What you have to do:
The answer must consist solely of the lines below starting at the one containing "Raketenstart vor schneebedeckten" and ending at the one containing "Kite in the sky, blue background View", repeated exactly, with both ends included and all pictures omitted.

(Records for this task begins)

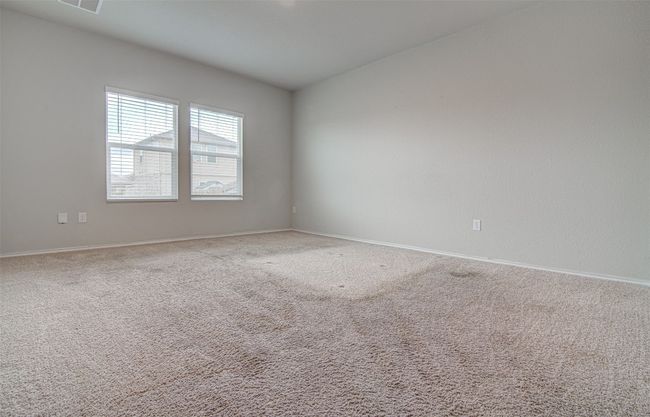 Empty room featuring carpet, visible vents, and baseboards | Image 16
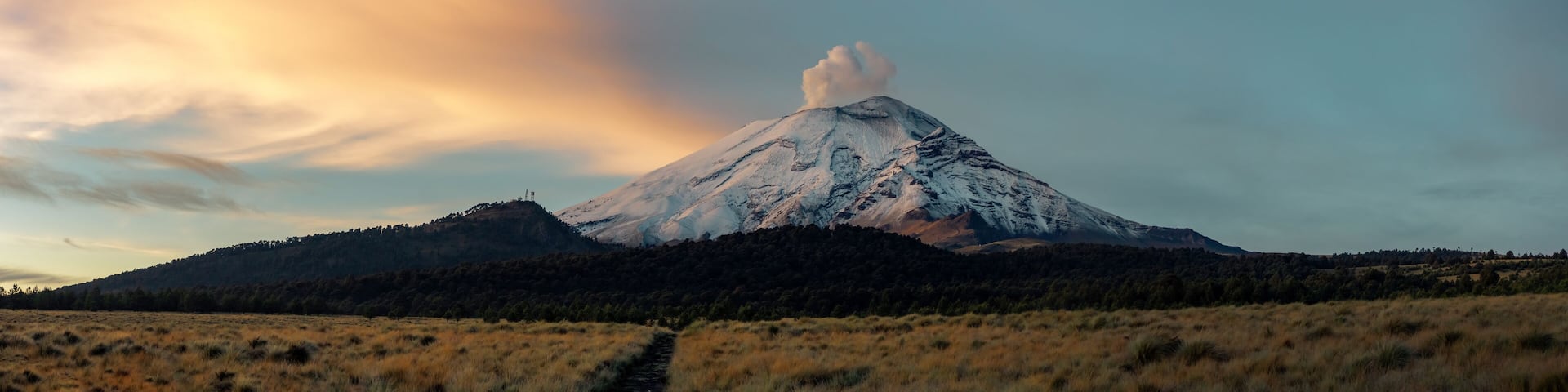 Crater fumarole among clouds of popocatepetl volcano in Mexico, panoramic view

(Records for this task ends)
(Records for this task begins)

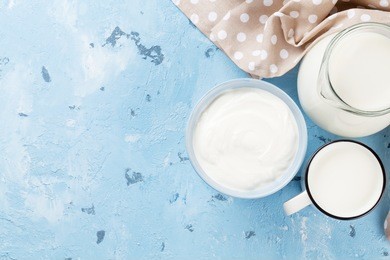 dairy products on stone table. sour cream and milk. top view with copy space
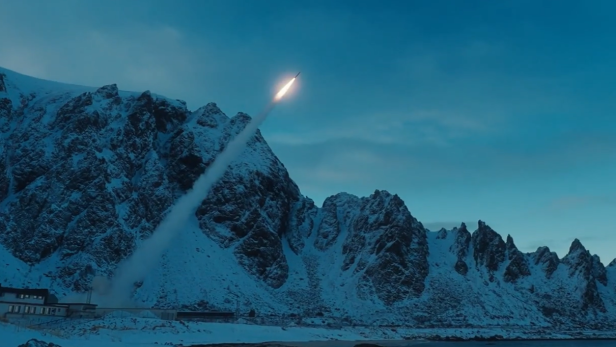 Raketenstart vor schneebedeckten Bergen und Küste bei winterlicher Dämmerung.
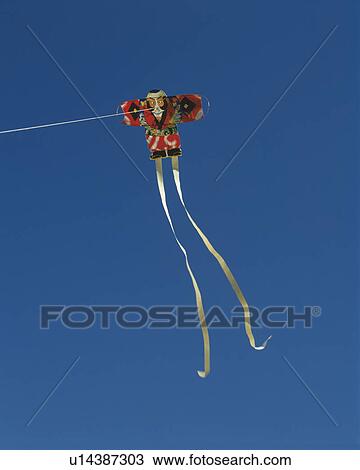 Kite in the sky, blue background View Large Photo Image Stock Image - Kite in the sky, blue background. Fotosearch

(Records for this task ends)

Answer to this exercise:
 Raketenstart vor schneebedeckten Bergen und Küste bei winterlicher Dämmerung.
 Kite in the sky, blue background View Large Photo Image Stock Image - Kite in the sky, blue background. Fotosearch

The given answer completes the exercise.